■ **Data provided**:
___
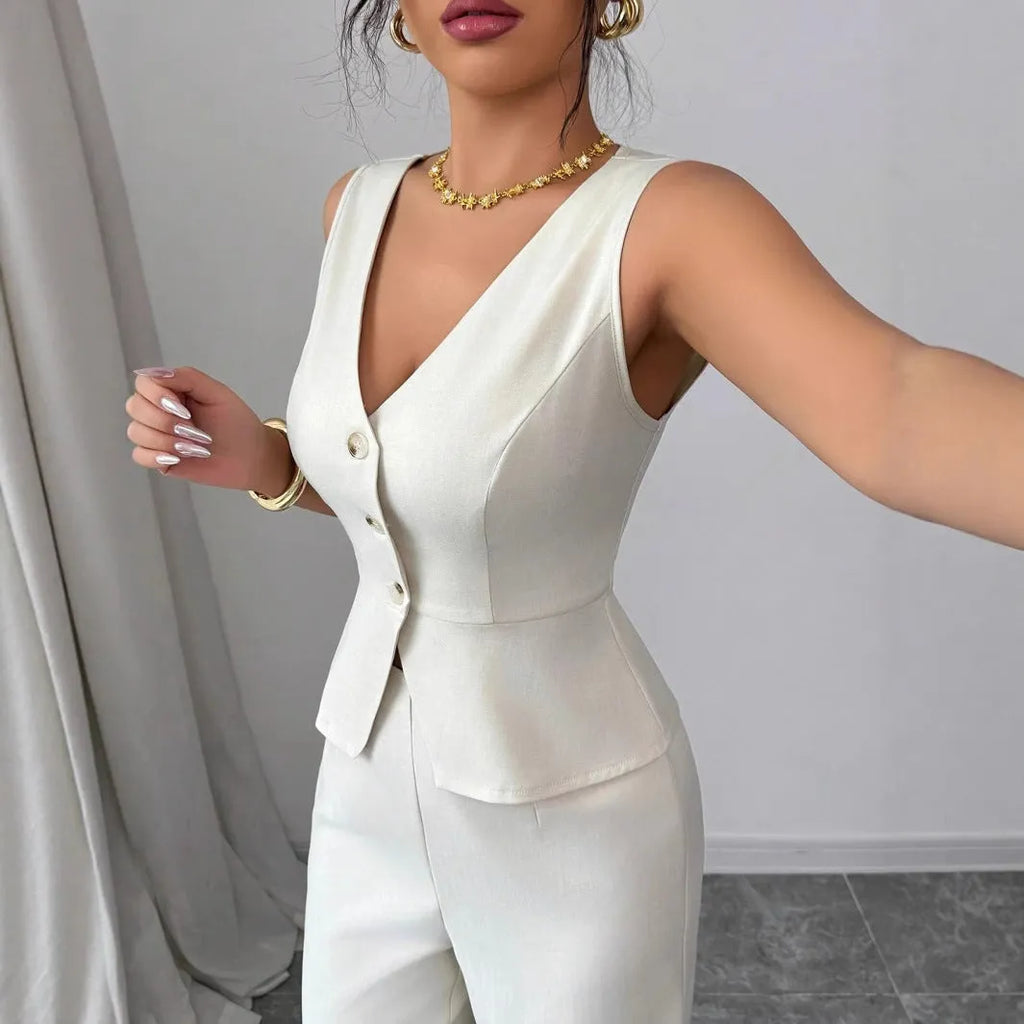 Solid colour sleeveless vest and high-waist trousers two-piece set in polyester fabric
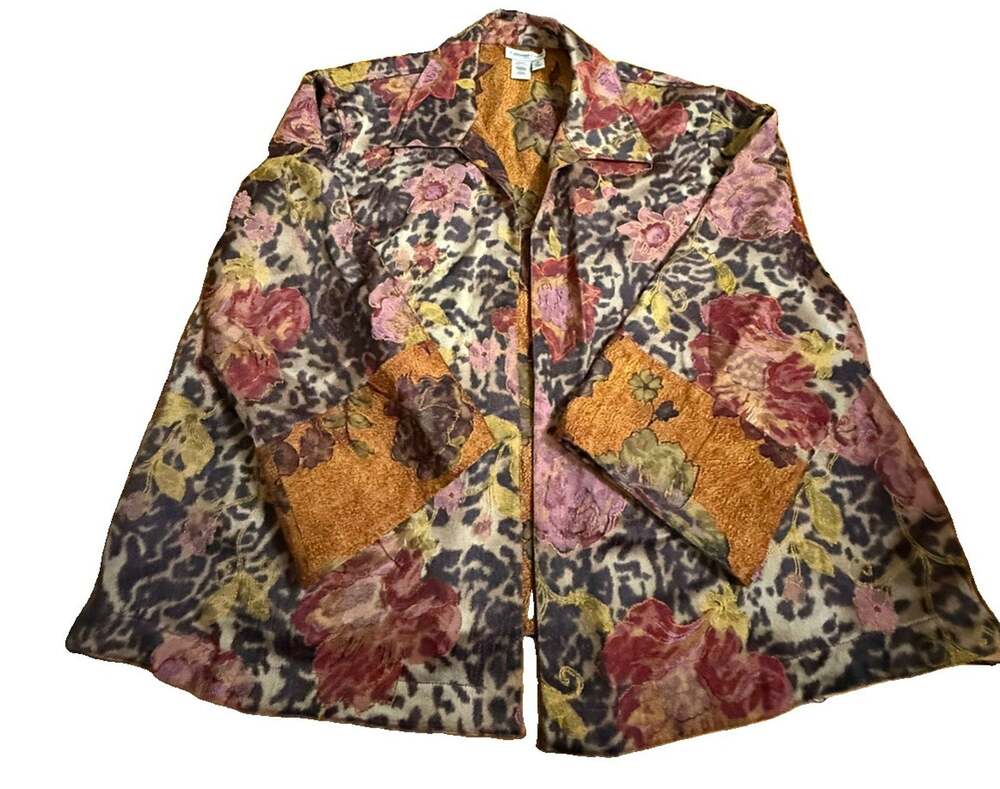 COLDWATER CREEK Women’s Multicolor Floral Open Front Lined Jacket Size 2X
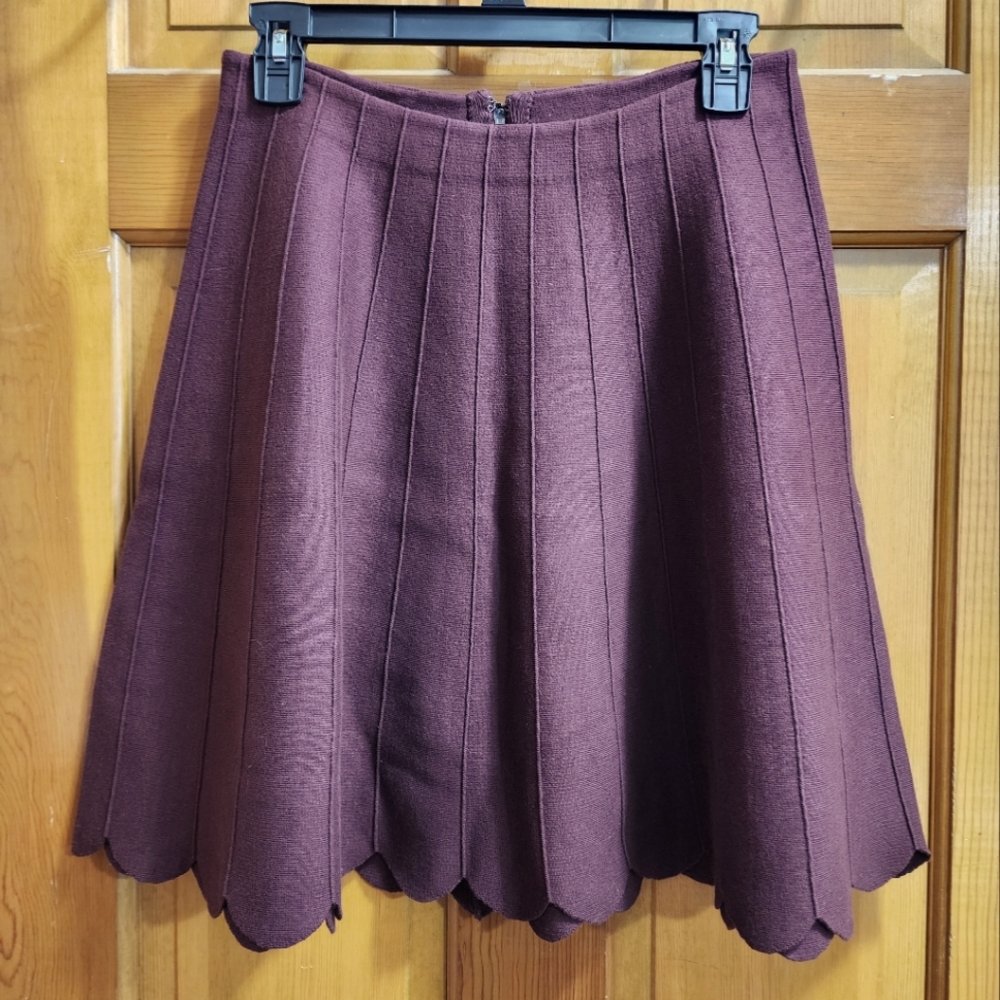 Anthropologie Knitted & Knotted Plum Petals Skirt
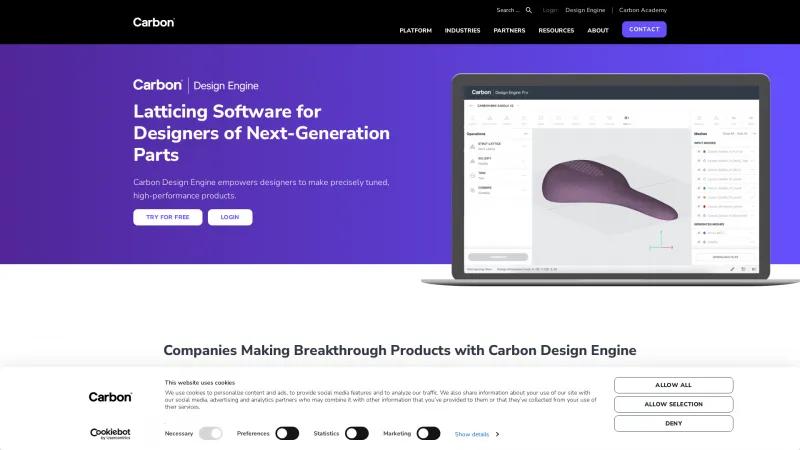 Homepage of Carbon Design Engine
___
■ **Assignment**:
Please copy exactly, and only, the lines from the one that contains "Anthropologie Knitted &" through the last line of the data above, omitting all pictures.

■ **Solved exercise**:
 Anthropologie Knitted & Knotted Plum Petals Skirt
 Homepage of Carbon Design Engine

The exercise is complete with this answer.